Image-caption web data:
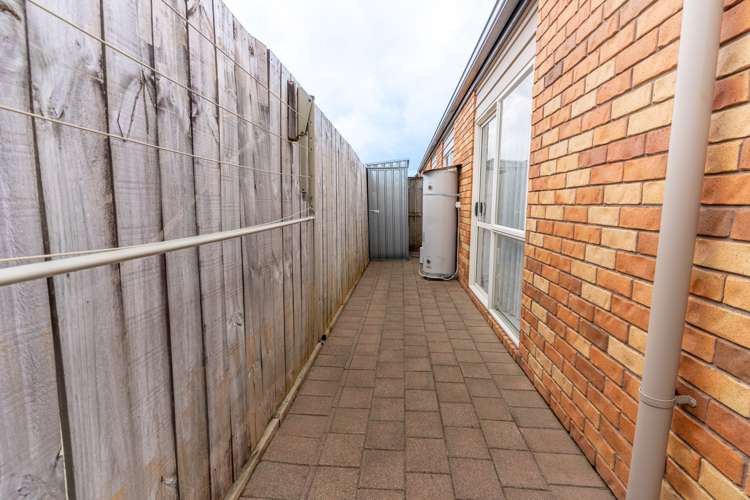 11/241 Killarney Road Frankton_14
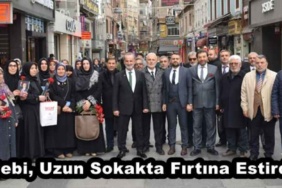 cebi_uzun_sokakta_firtina_estirdi_h45994_6cb40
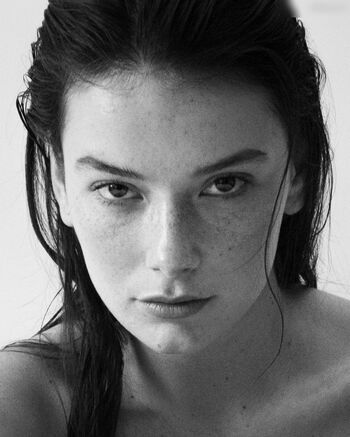 Ida Kulis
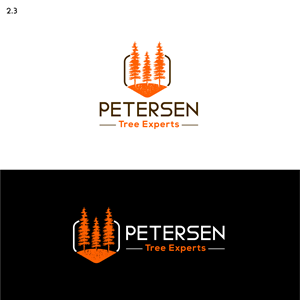 Logo Design by Deziners Zone for this project | Design: #28635115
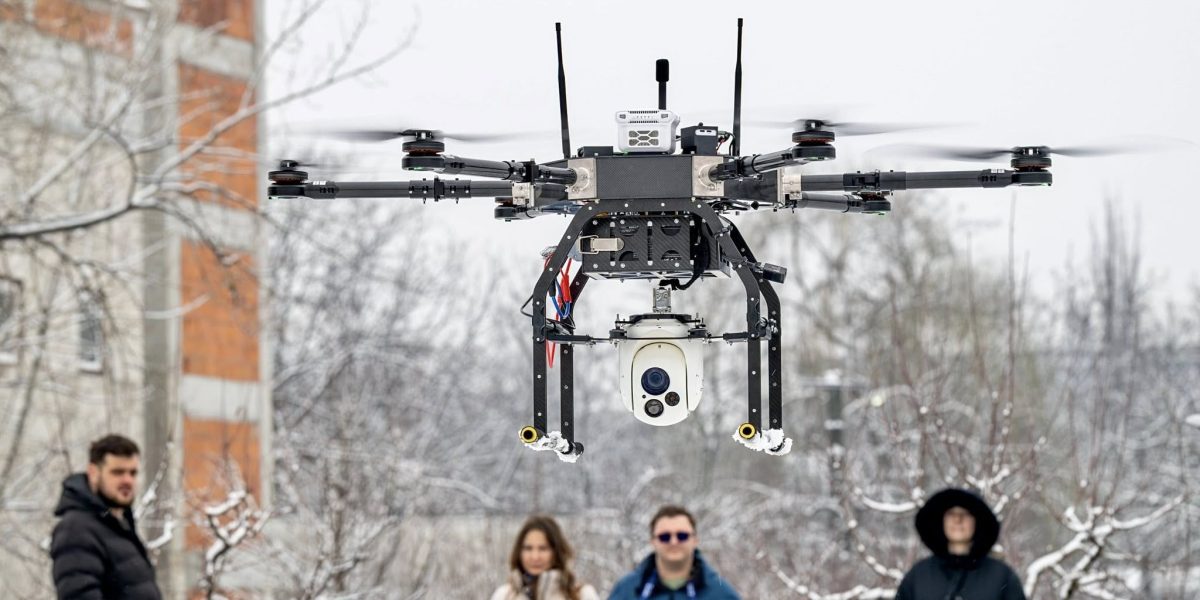 633529853_1231185899202748_6769759375173622385_n.jpg - StiriAlese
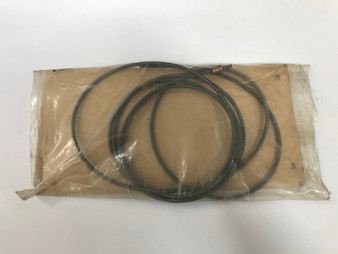 New Old Stock Speedometer Inner Cable - Square Cabin V and M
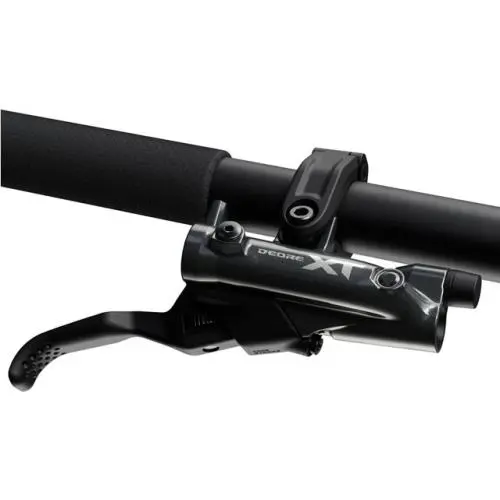 Shimano  - D1594 - D1594 - Black 4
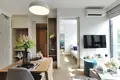 Wohnung 1 zimmer 36 m² Choeng Thale, Thailand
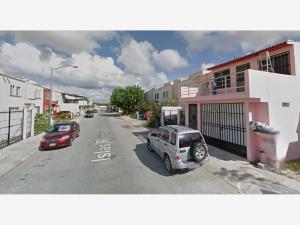 Casa en venta en Misión Villamar II, Playa del Carmen — foto 2 de 6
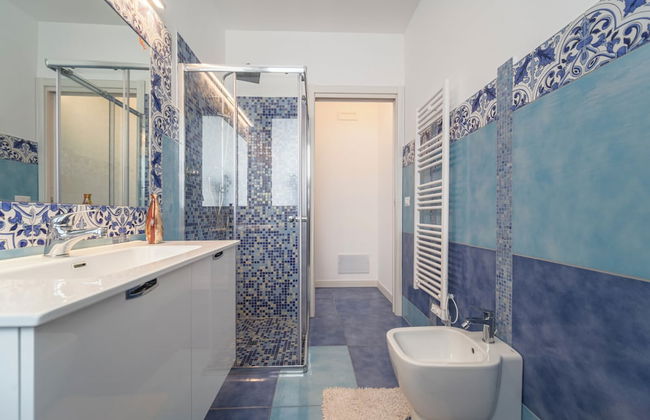 Aurora View Resort - Foto 11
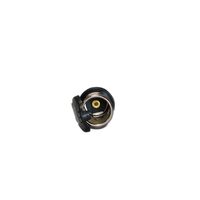 Ford Auxiliary Power Point Socket For Falcon BA BF Territory SX SY SZ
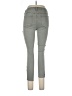 Pistola Gray Jeans Size 30 waist - photo 2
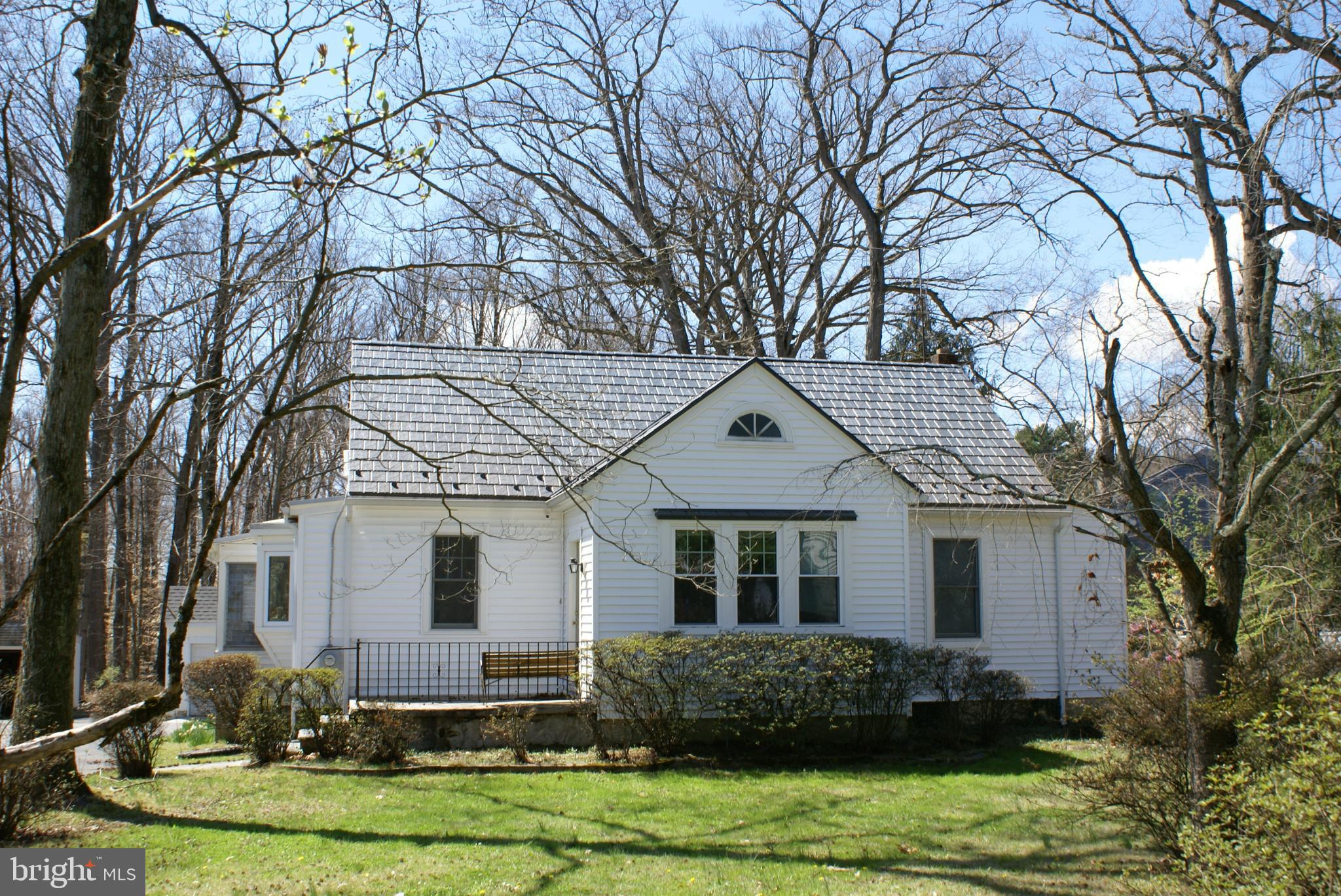 1906 Zebley Road Wilmington, DE 19810 - Photo 1 of 59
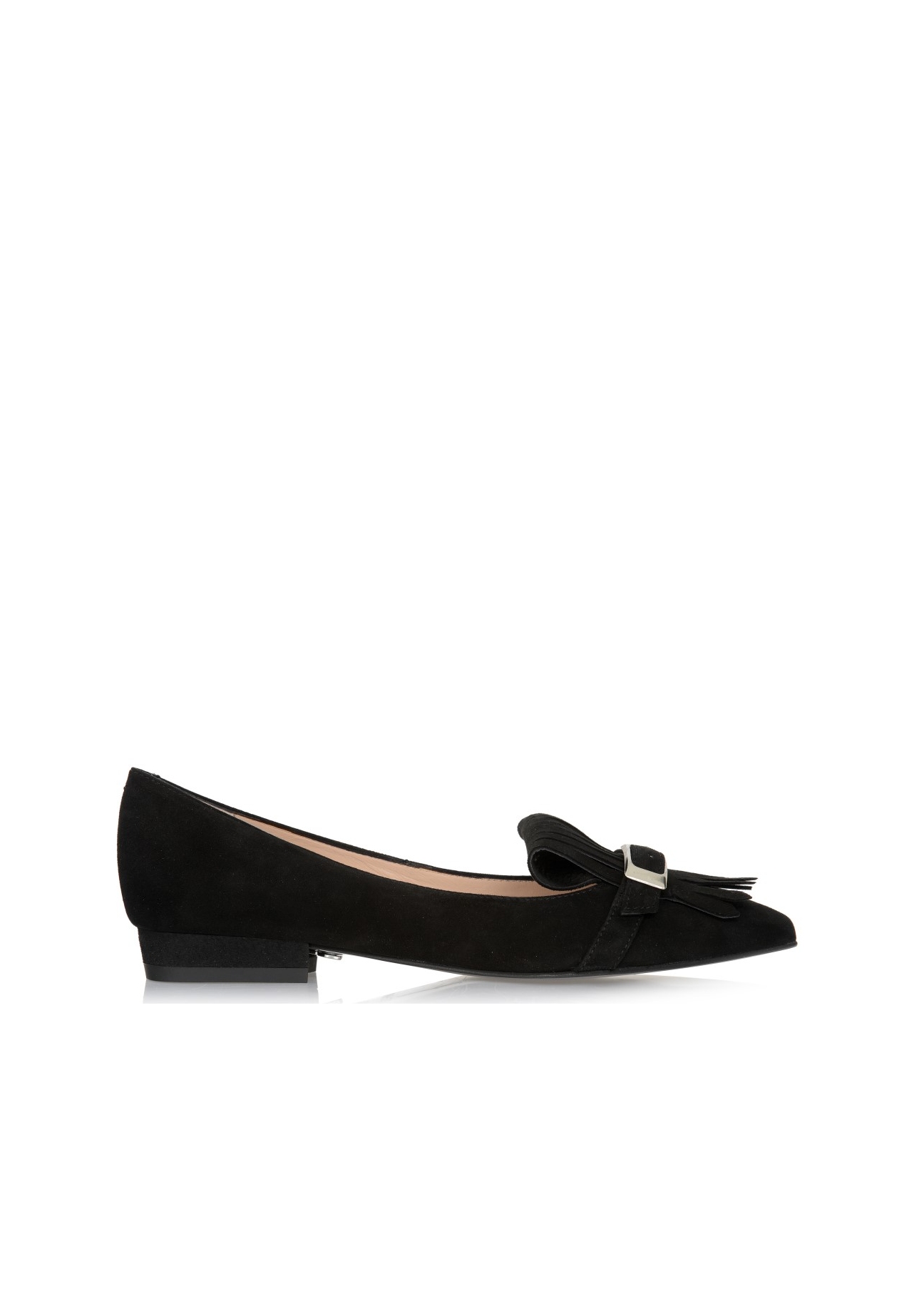 Buty damskie BUTYD-0163-99(Z17)-01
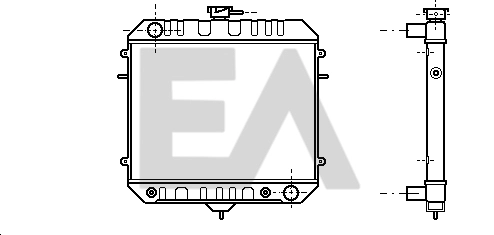 31R54019
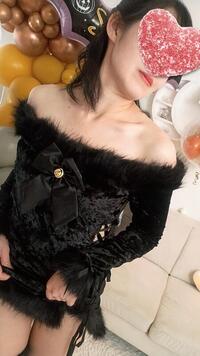 写メ日記 すず 10/1(水) 12:38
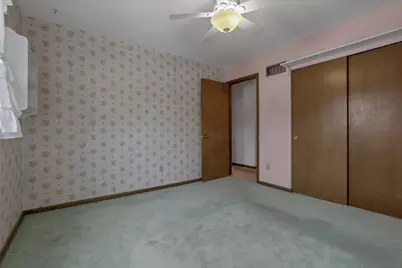 1852 Balsamridge Road, Columbus, OH 43229 - Photo 36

Description of the task: Word for word, restate all of the data, but do not copy the pictures.

Problem solution:
 11/241 Killarney Road Frankton_14
 cebi_uzun_sokakta_firtina_estirdi_h45994_6cb40
 Ida Kulis
 Logo Design by Deziners Zone for this project | Design: #28635115
 633529853_1231185899202748_6769759375173622385_n.jpg - StiriAlese
 New Old Stock Speedometer Inner Cable - Square Cabin V and M
 Shimano  - D1594 - D1594 - Black 4
 Wohnung 1 zimmer 36 m² Choeng Thale, Thailand
 Casa en venta en Misión Villamar II, Playa del Carmen — foto 2 de 6
 Aurora View Resort - Foto 11
 Ford Auxiliary Power Point Socket For Falcon BA BF Territory SX SY SZ
 Pistola Gray Jeans Size 30 waist - photo 2
 1906 Zebley Road Wilmington, DE 19810 - Photo 1 of 59
 Buty damskie BUTYD-0163-99(Z17)-01
 31R54019
 写メ日記 すず 10/1(水) 12:38
 1852 Balsamridge Road, Columbus, OH 43229 - Photo 36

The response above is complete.